What you should do>
Only the lines below between the one holding "Incarnated Machine Angel" and the one holding "Giacca moto pelle Alpinestars DYNO Nero Nero", inclusive, are to be reproduced word for word; the pictures are to be left out.

[Records from a data source]
§ §

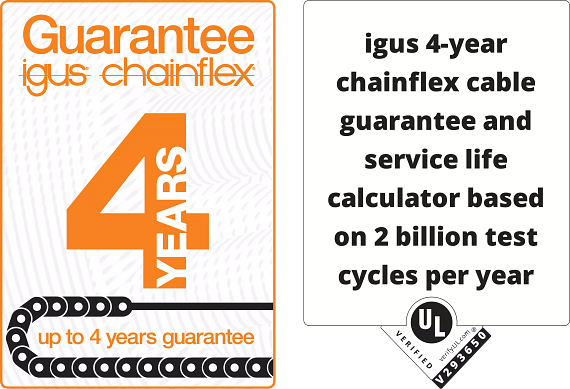 4-year guarantee and UL-verified logo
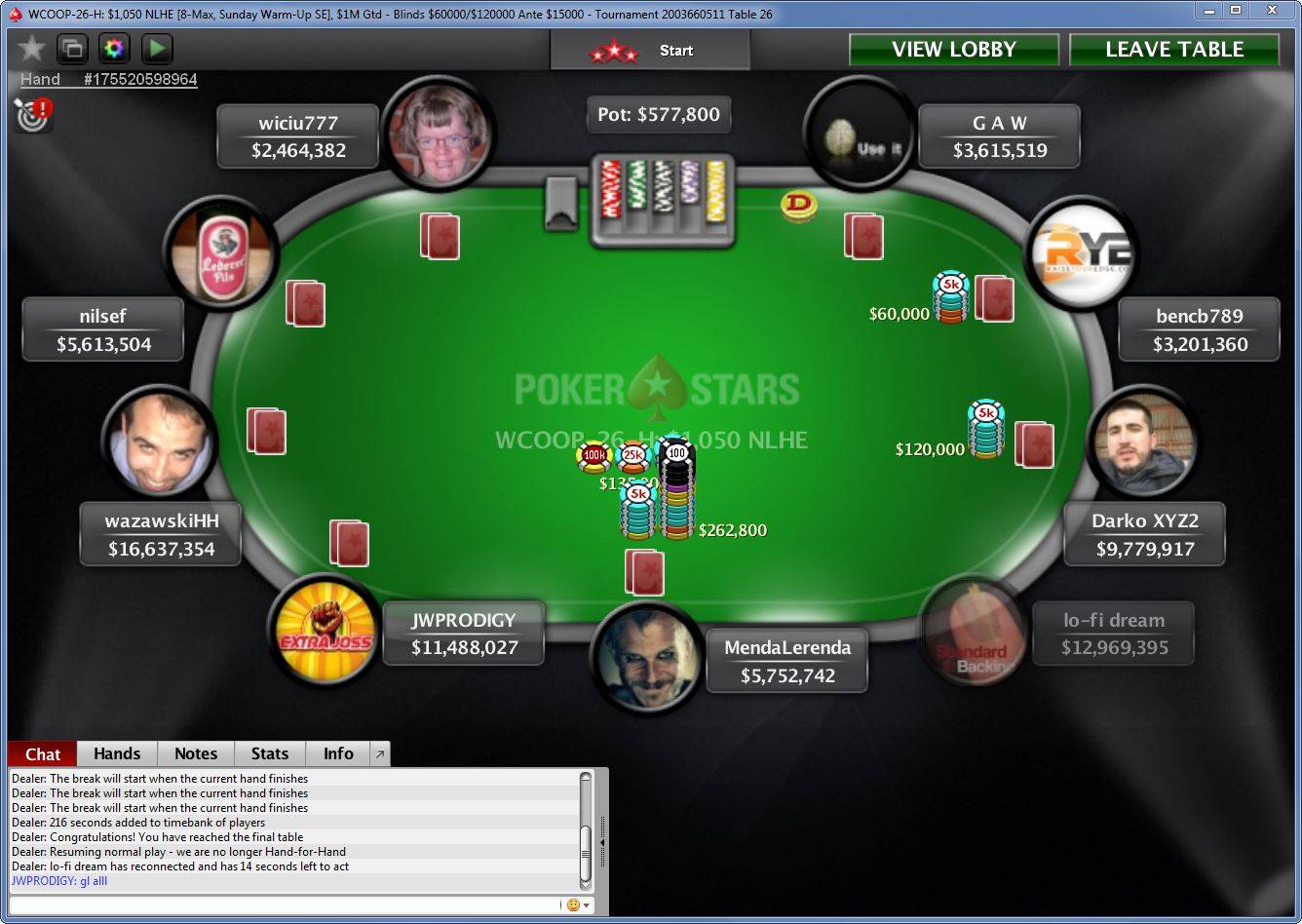 Final-Table des Sunday-Warm-Up WCOOP 2017 26 H ft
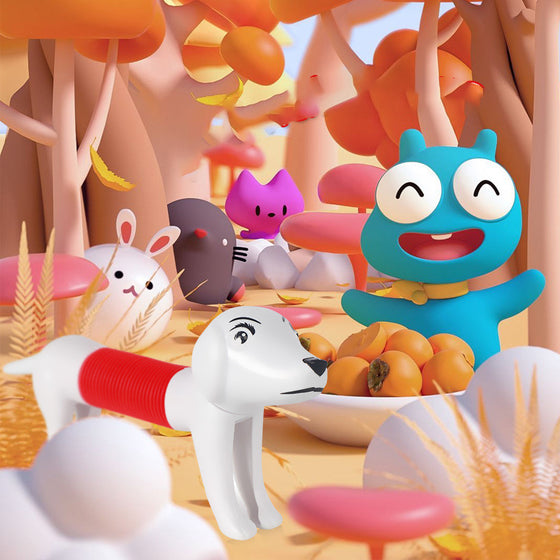 Teleskopisk leksakshund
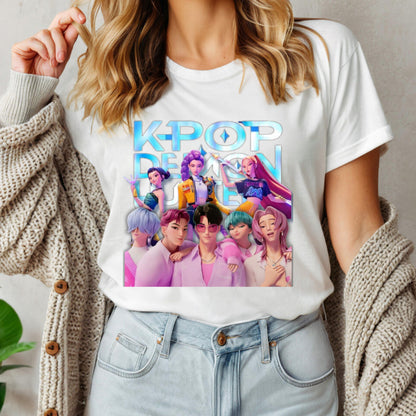 Kpop Demon Hunters Shirt, Huntrix Girl TShirt, Kpop idol group Shirt, Mira, Rumi, Joey Shirt, Demon Hunter Merch, Gift for Huntrix fan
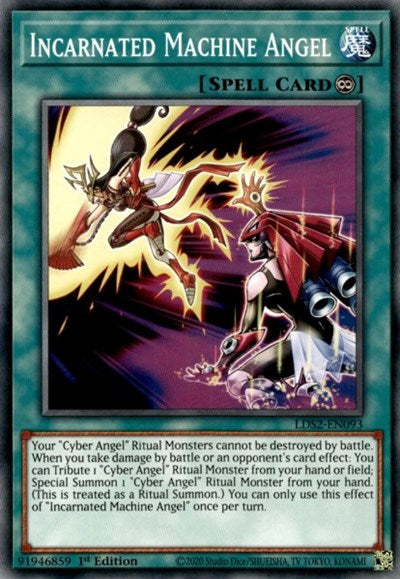 Incarnated Machine Angel (LDS2-EN093) [Legendary Duelists: Season 2]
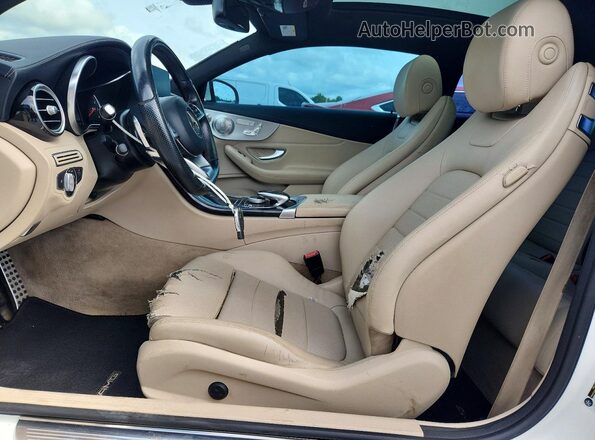 WDDWJ4JB8HF407383 2017 MERCEDES-BENZ C-CLASS White Առջևի վահանակի տեսք
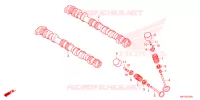 NOKKENAS/KLEP voor Honda CB 650 R 2023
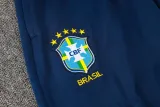 2024-25 Brazil Lake blue Hoodie Half Pull Tracksuit #F567半拉连帽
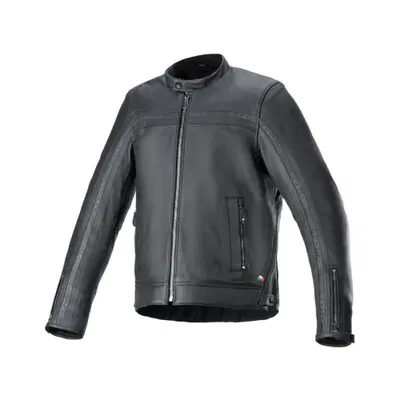 Giacca moto pelle Alpinestars DYNO Nero Nero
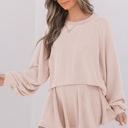  Scarlett Corded Lantern Sleeve Top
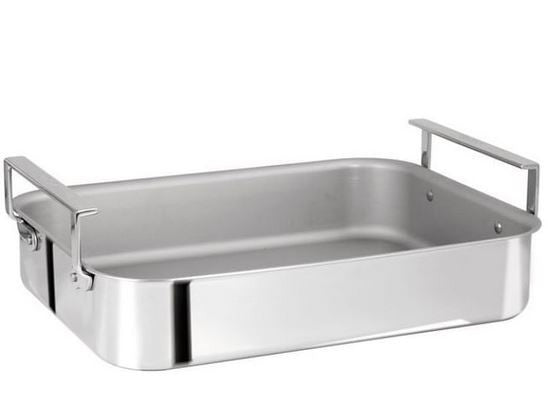 PLAT FOUR INOX 33X43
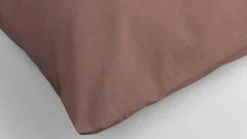 Snoozing percale katoen kussenslopen (set van 2)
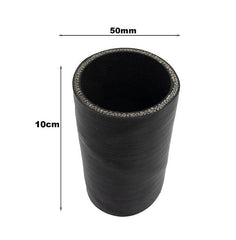 Mangueira Intercooler Siliconada 50mm Preta Universal - Paraiso das Mangueiras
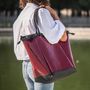 Bags and totes - BIG BOAT BAG BURGUNDY L - DALZOTTO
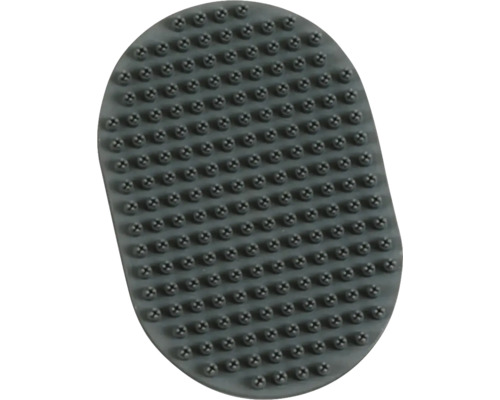 Ovaler Gumminoppenreiniger mit Noppenstruktur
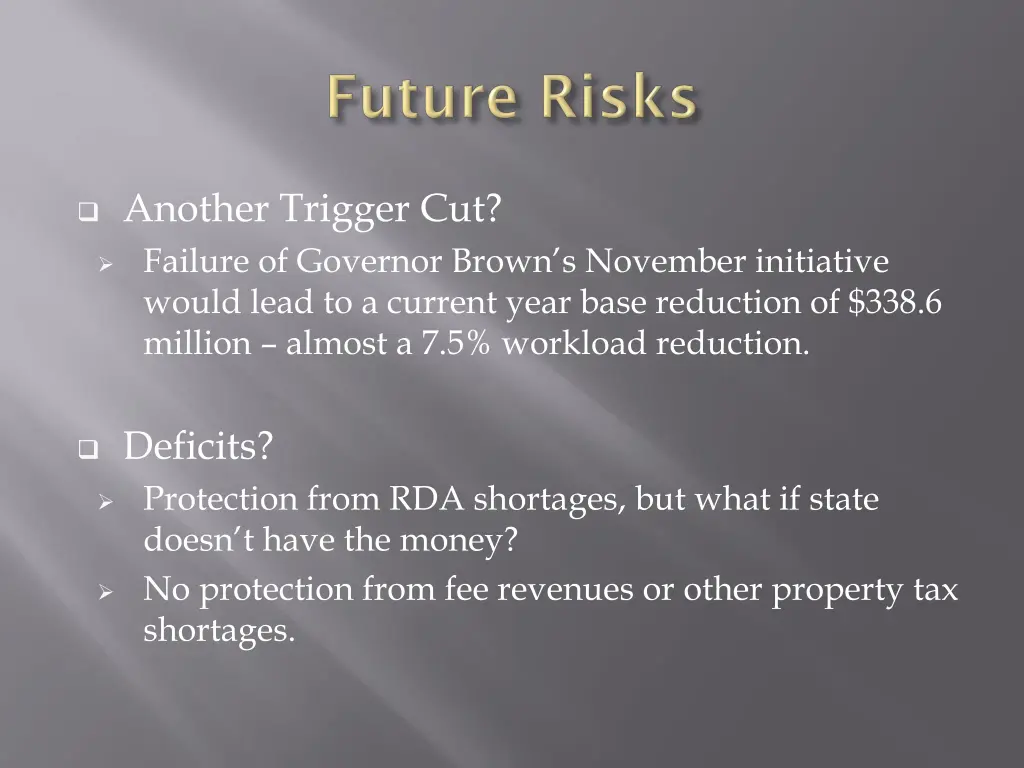 another trigger cut failure of governor brown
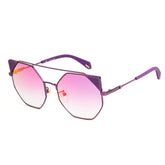 Police Purple Metal Sunglasses - Sunglasses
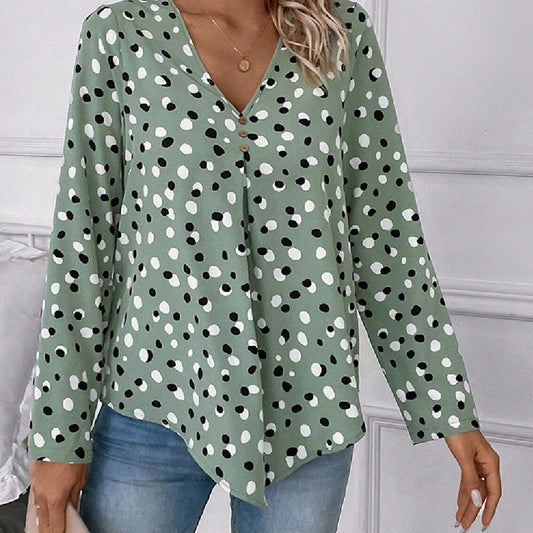 Women's European And American-style Sweet Long-sleeved Top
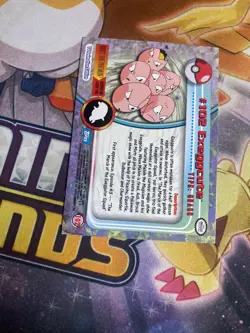 Exeggcute #102 - BLUE LOGO - NON-HOLO - Series 2 - TOPPS POKEMON CARD - NM - Image 2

§ §

Answer to this problem>
 Incarnated Machine Angel (LDS2-EN093) [Legendary Duelists: Season 2]
 WDDWJ4JB8HF407383 2017 MERCEDES-BENZ C-CLASS White Առջևի վահանակի տեսք
 NOKKENAS/KLEP voor Honda CB 650 R 2023
 2024-25 Brazil Lake blue Hoodie Half Pull Tracksuit #F567半拉连帽
 Giacca moto pelle Alpinestars DYNO Nero Nero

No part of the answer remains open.